Make an exact copy, from the records below, of the lines from the line containing "Parts for Car" to the line containing "Pegatina para carenado", both lines included, excluding pictures.

_Excerpted records:_
▼

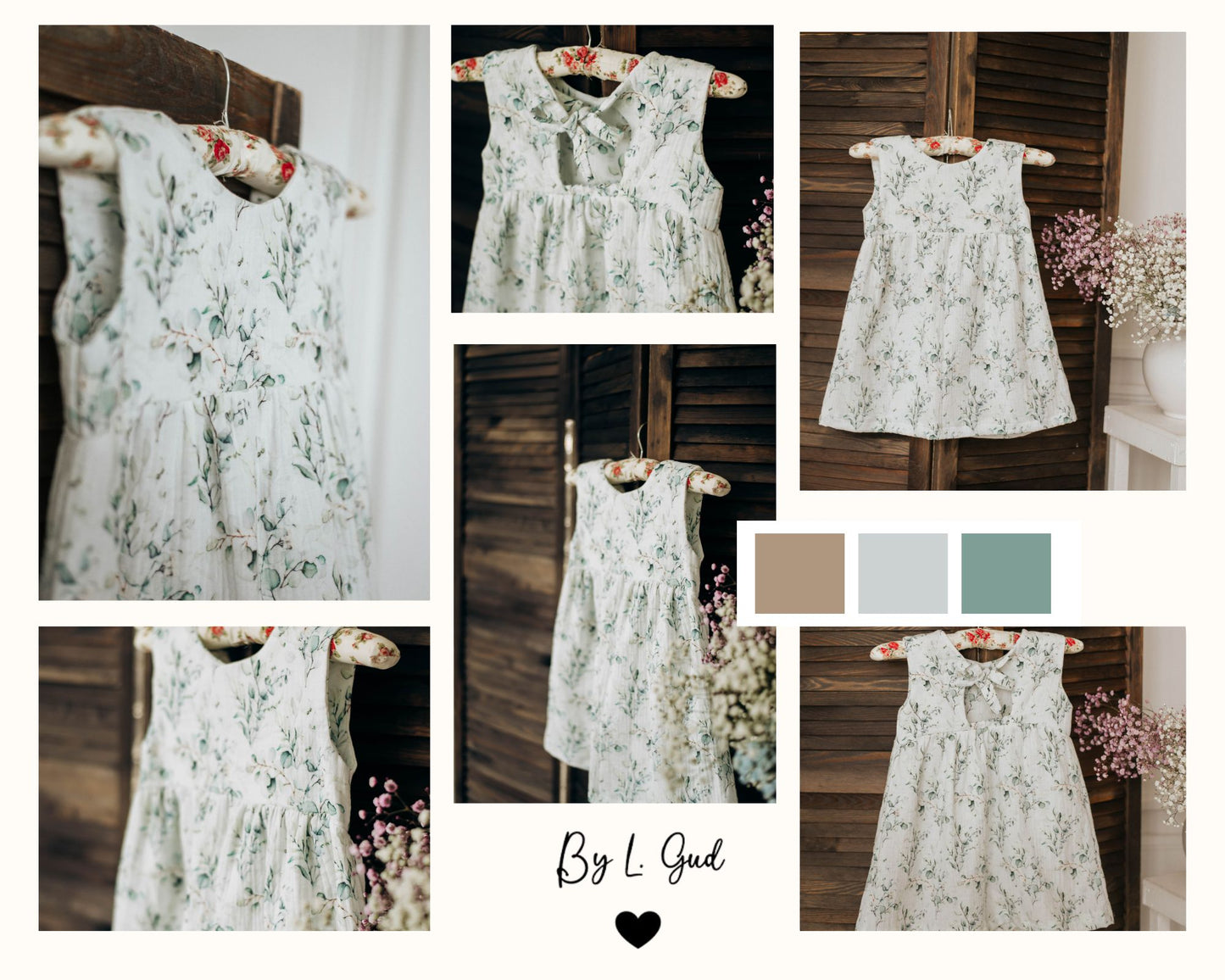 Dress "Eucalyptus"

▲
▼

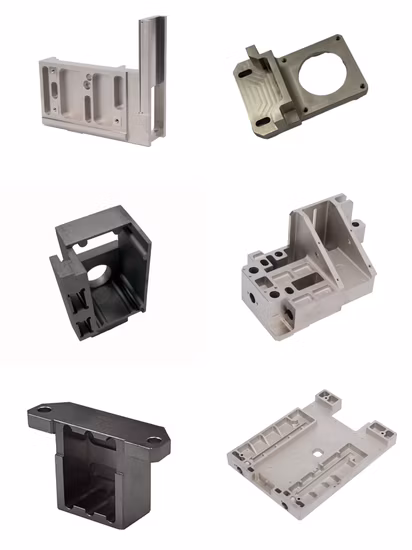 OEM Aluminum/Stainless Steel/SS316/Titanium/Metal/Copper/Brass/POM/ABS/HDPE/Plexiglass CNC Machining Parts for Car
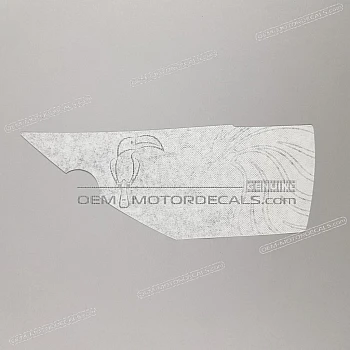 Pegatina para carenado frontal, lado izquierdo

▲
▼

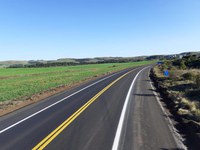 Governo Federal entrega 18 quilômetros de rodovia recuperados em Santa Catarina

▲

_Output below:_
 OEM Aluminum/Stainless Steel/SS316/Titanium/Metal/Copper/Brass/POM/ABS/HDPE/Plexiglass CNC Machining Parts for Car
 Pegatina para carenado frontal, lado izquierdo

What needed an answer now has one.